REQUIRED WORK: Take the entries below and print, exactly, the stretch from the line containing "JERUSALEM AND US EMBASSY by Dave Granlund" through the line containing "Cach lam thach", both included.
***** PROVIDED MATERIAL *****
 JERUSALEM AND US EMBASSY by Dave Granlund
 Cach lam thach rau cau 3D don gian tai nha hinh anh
*****
***** PROVIDED MATERIAL *****
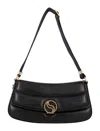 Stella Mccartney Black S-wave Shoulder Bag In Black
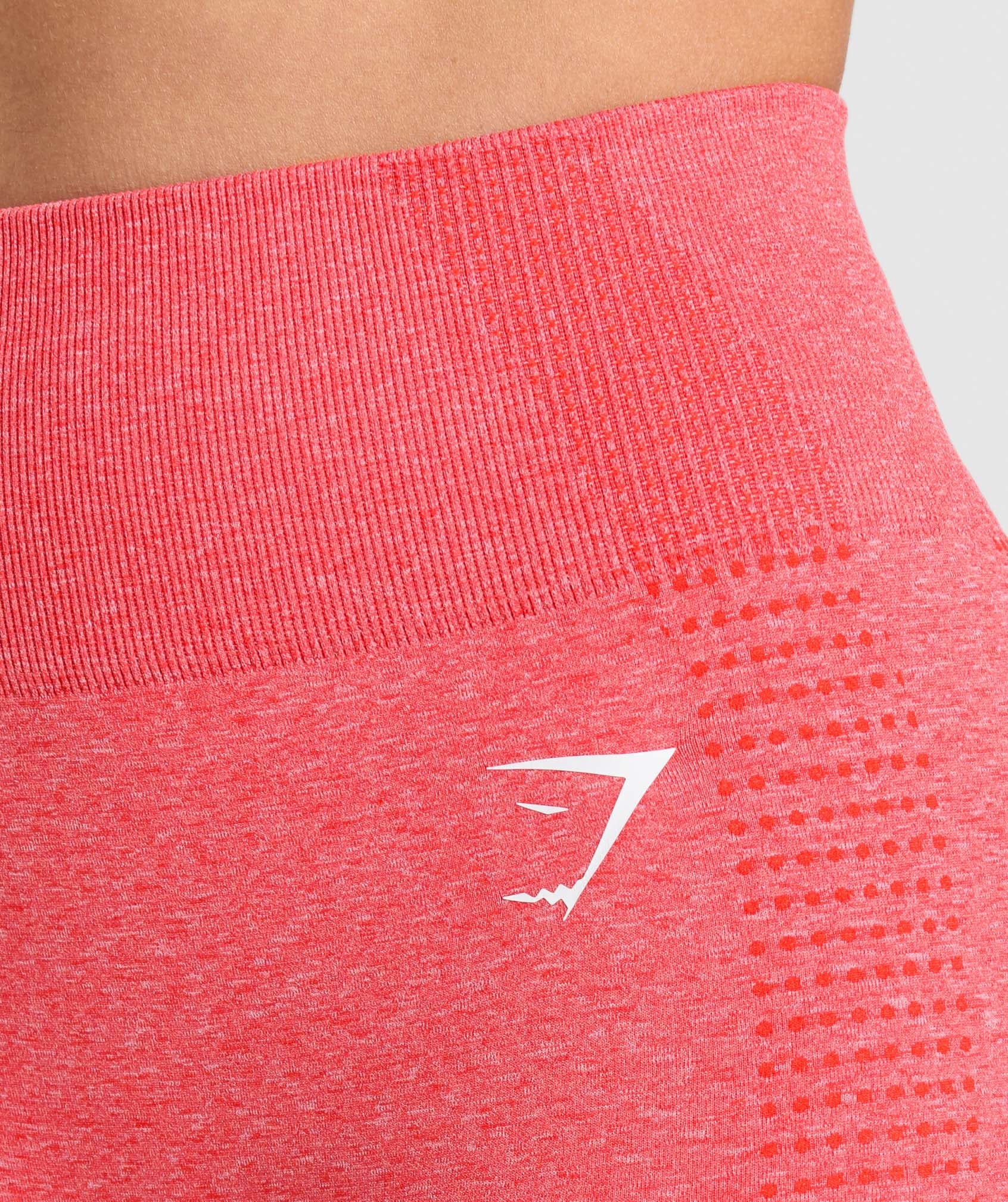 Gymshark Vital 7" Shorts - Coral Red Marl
*****
EXERCISE ANSWER:
 JERUSALEM AND US EMBASSY by Dave Granlund
 Cach lam thach rau cau 3D don gian tai nha hinh anh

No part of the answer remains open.